A coupla years ago I had a tussle for LC fans after calling a Webster Hall gig a bore and the dream of a collective Los Campesinos claim, complete bullshit. Well, Friday night at Le Poisson Rouge, the band isn't a bore and the band is Gareth Campesino.
And Gareth Campesino is preaching to the converted for sure in a set where "We Are Beautiful, We Are Doomed" gets the same rousing cheer as "Romance Is Boring/". My take on the Welsh punk popper distillers of romantic disasters is pretty well documented: I didn't like their last twoalbums.. And while an hour plus set on high octane rock and roll didn't change my mind much, it definitely change it somewhat.
The set goes back as far as 2007 and stops off at all points, with the second song a terrific, much livelier and deadlier "Songs For Your Girlfriend" and has a late set deep track "By Tundra" and in between hits the hits and hits the misses and the band cream the lot. I mean, the lot. With Gareth, a stockier Gareth with a beer belly, ascending each and every song.
There is that in Gareth which connects well to an audience, he is friendly and a little stubborn, he gives every appearance of liking us and when he reels off all the rooms he has played in nyc and concludes that we've always been great to LC, it is a great non musical moment.
Musical moments don't peak as high but they are very constant, no mid-concert take a song off for this collective, and the wide LPR stage, is crowded with enthisiastic musicians. They perfect "You! Me! Dancing!" into the anthem for white kids it always really was. Gareth's vocal on "Doomed" is a supreme rethinking, the off handedness of the ending has the bands struggle end, not untypically and maybe axiomatically, in failure.

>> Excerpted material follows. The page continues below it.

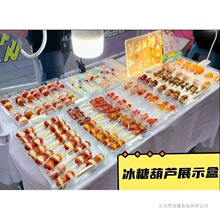 �Ǻ��J�[������ʳƷ������ˮ�����չʾ���r�ռ{�����bС��������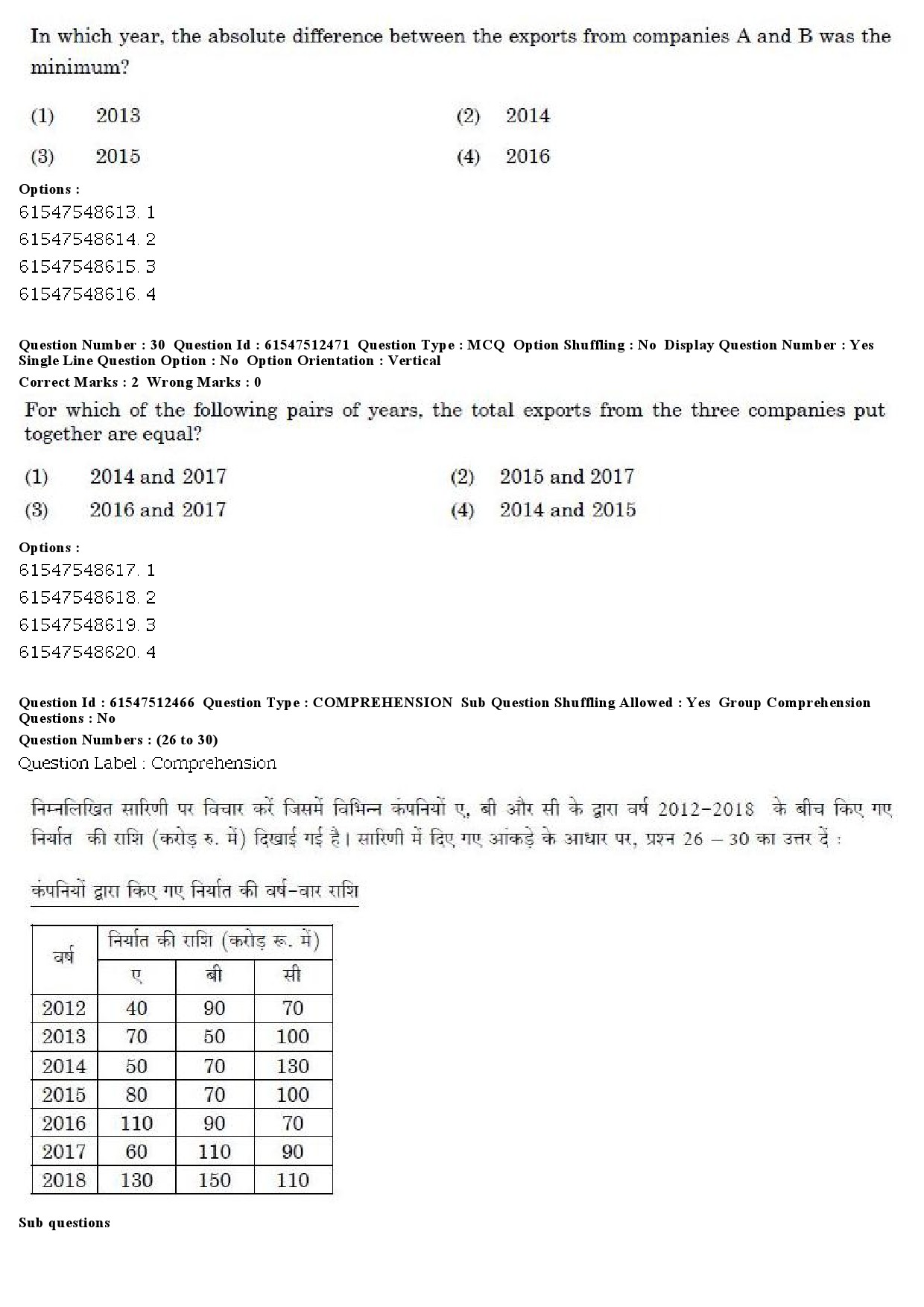 UGC NET English Question Paper December 2019 22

Gareth's songs of major life failures leading to sorrow and depression are a relentlessly UK invention and the bands socialism in action as fakeout is as socialist as the UK Labour party. But even so,LC have a reality of our lives persona and Gareth, despite his cheer and power as a frontman, is a visionary rock star and terrific on stage.
So?
His songs aren't good enough.
Oh, he has his moments sure, and lyrically there is no better poetry of defeat around, but the songs don't have catchy melodies any more and they used and for two albums straight it has hurt him and on stage, in an absolute tribute to him and his band, they are played so well, it is easy not to note. But the proof is that when the audience singsalong they are reacting to lyrical and not musical hooks.
The band end with with "Sweet Dreams, Sweet Cheeks" from 2008 but they better keep those fingers for crossing.